TASK STATEMENT. Drop all images and give the records again exactly.

Source data:
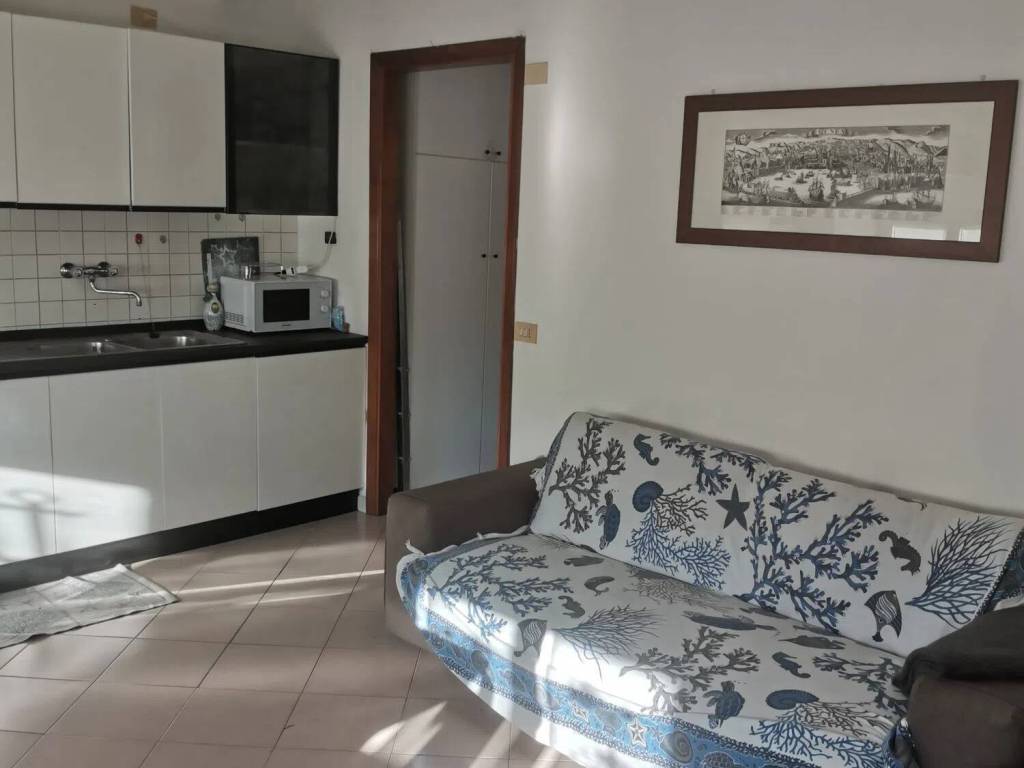Appartamento a Finale ligure in Via Rossi S.N.C. - Foto 5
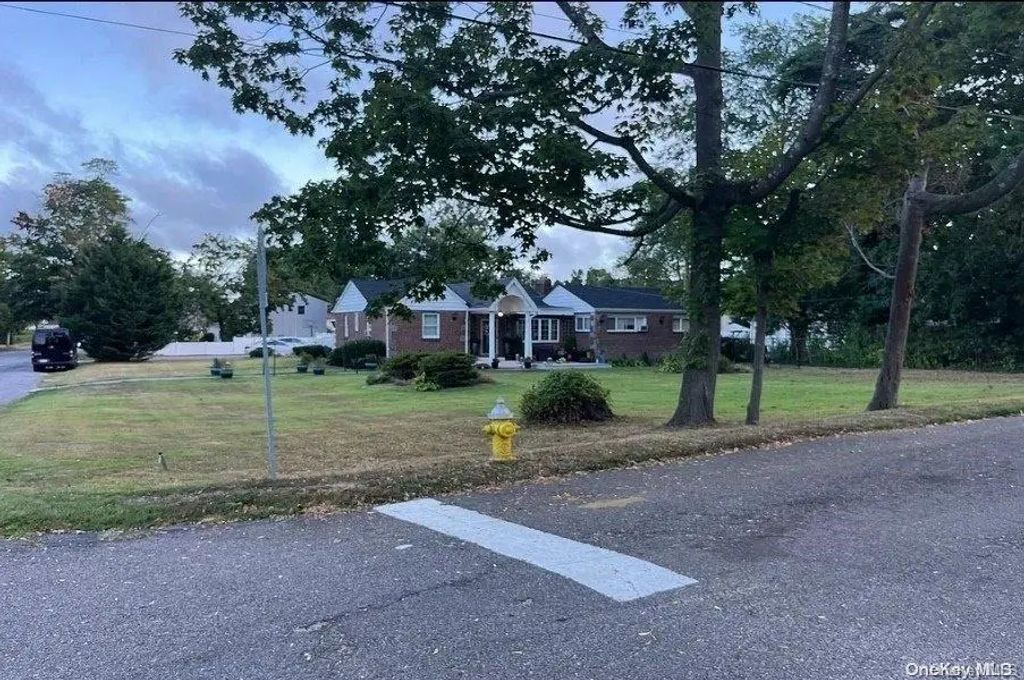 38 Hilltop Lane, Wheatley Heights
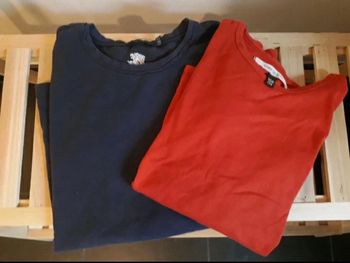 Lot 2 t-shirts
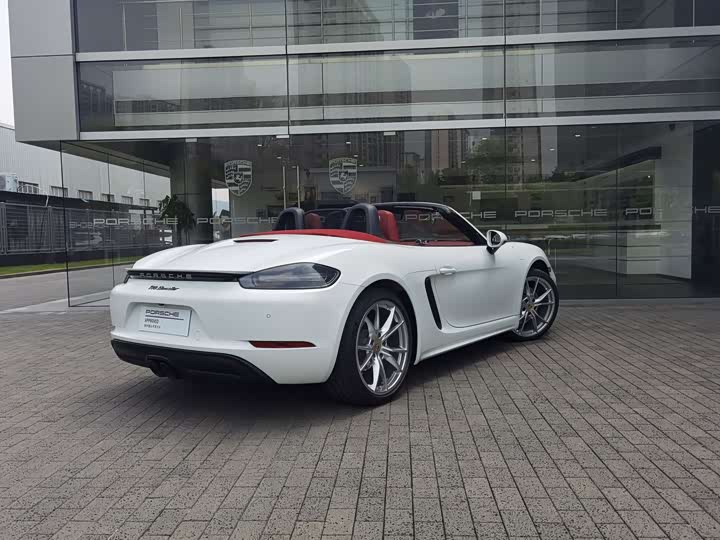 Фото 4 - Porsche 718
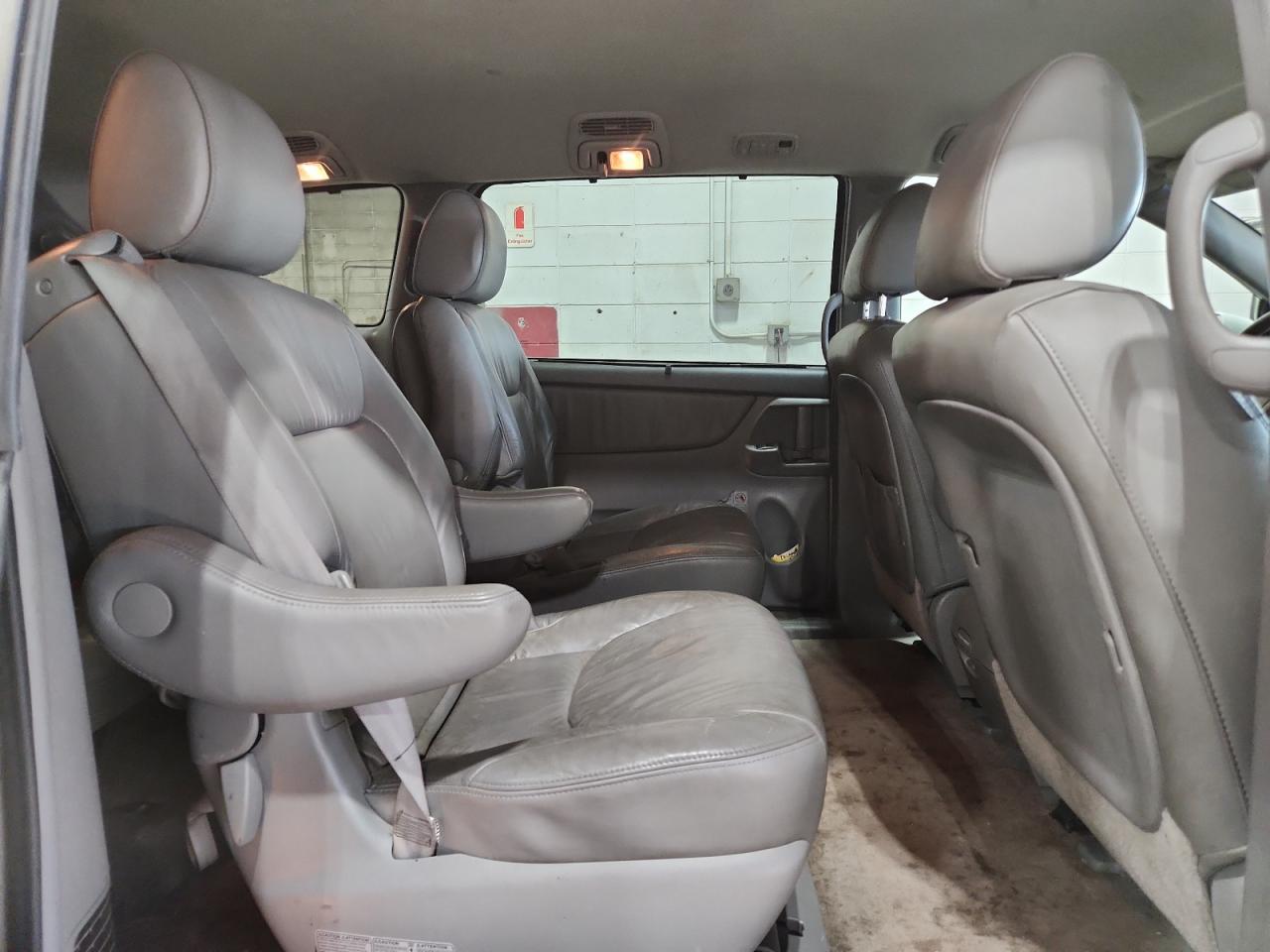 2010 TOYOTA SIENNA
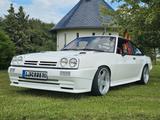 Opel Manta B  Kultauto GTÜ Gutachten 2+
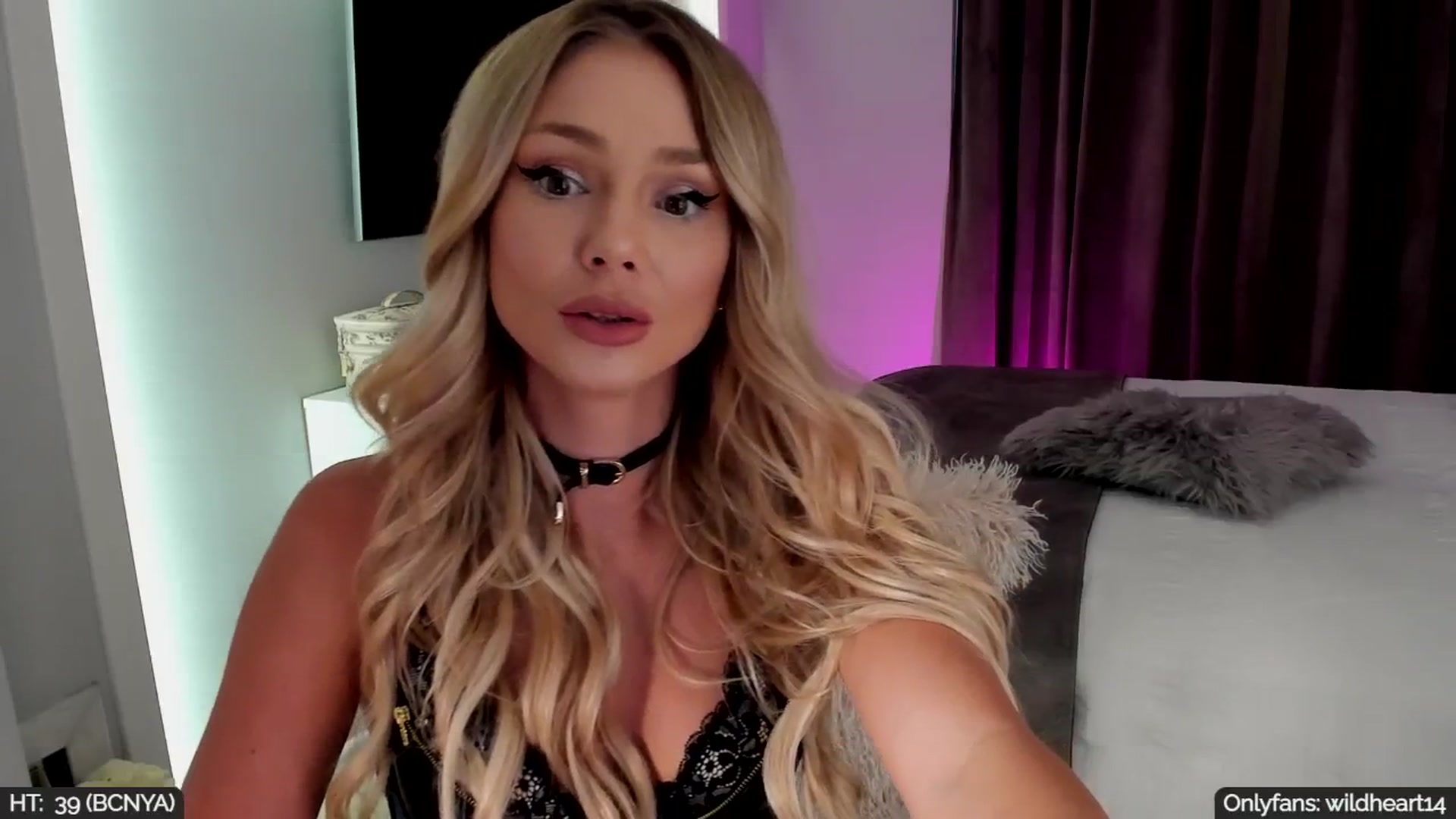 Gallery image thumbnail from Yveline's myfreecams stream on, 09/05/2025, 16:42 image 10 of 20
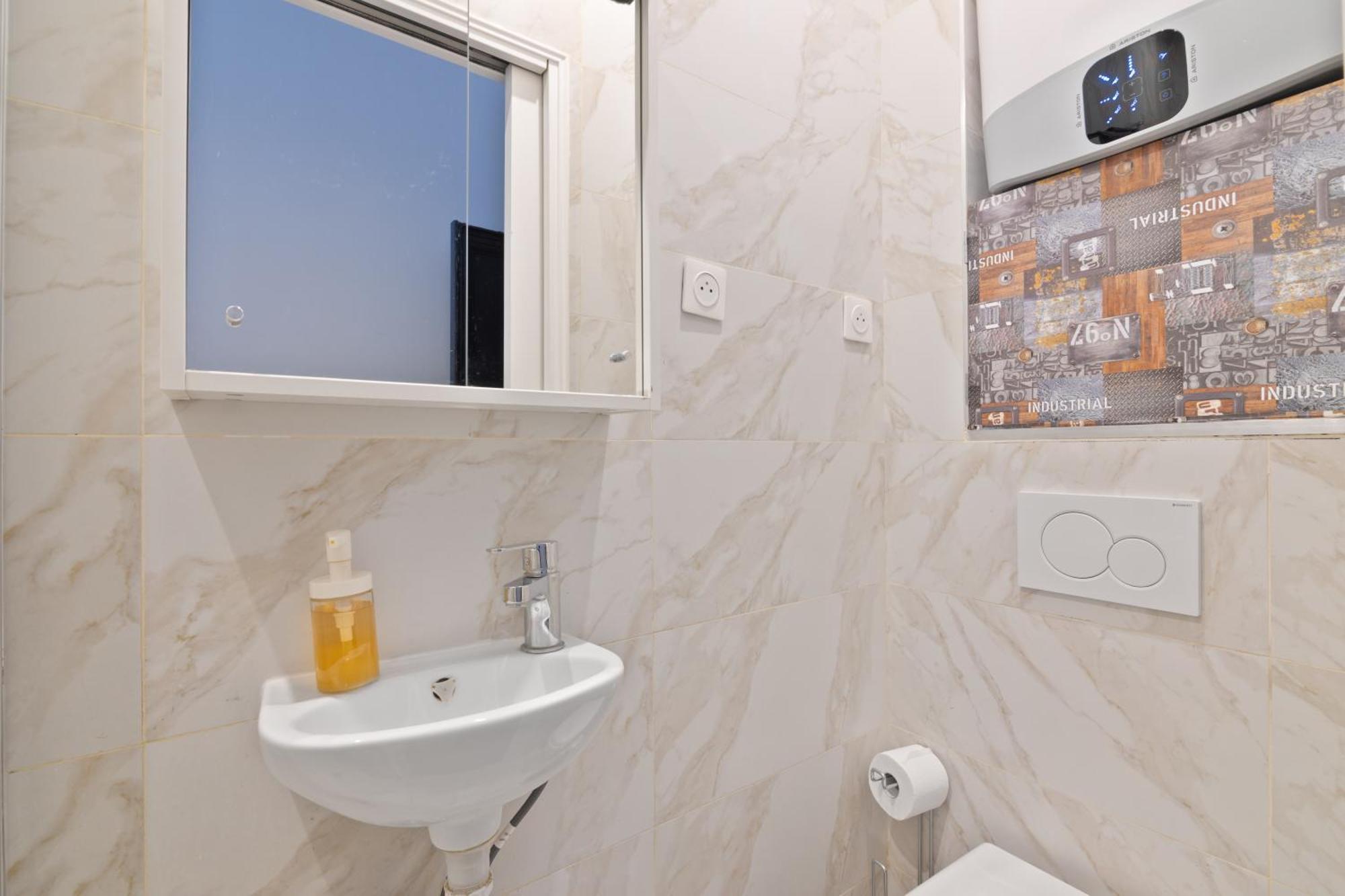 2 Bedroom Ile Saint-louis With Free Netflix *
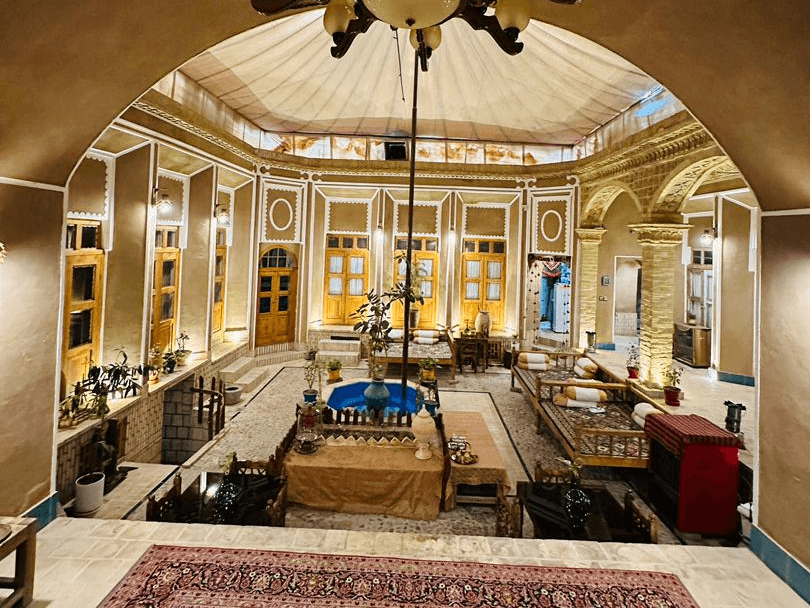  اجاره اقامتگاه سنتی در یزد - لیمویی محوطه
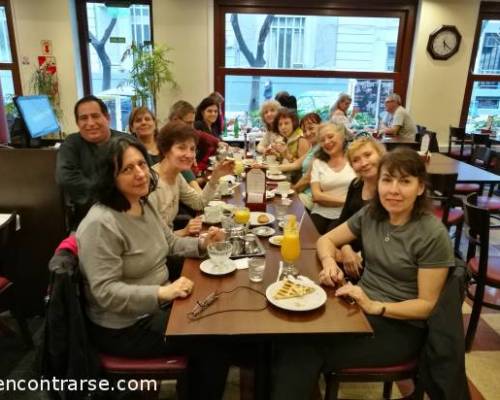 El propósito de la caminata, la esperada merienda donde se suman más caminantes. Gracias por participar :Encuentro Grupal CAMINATA ITINERANTE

RESULT OF THIS EXERCISE.
Appartamento a Finale ligure in Via Rossi S.N.C. - Foto 5
 38 Hilltop Lane, Wheatley Heights
 Lot 2 t-shirts
 Фото 4 - Porsche 718
 2010 TOYOTA SIENNA
 Opel Manta B  Kultauto GTÜ Gutachten 2+
 Gallery image thumbnail from Yveline's myfreecams stream on, 09/05/2025, 16:42 image 10 of 20
 2 Bedroom Ile Saint-louis With Free Netflix *
  اجاره اقامتگاه سنتی در یزد - لیمویی محوطه
 El propósito de la caminata, la esperada merienda donde se suman más caminantes. Gracias por participar :Encuentro Grupal CAMINATA ITINERANTE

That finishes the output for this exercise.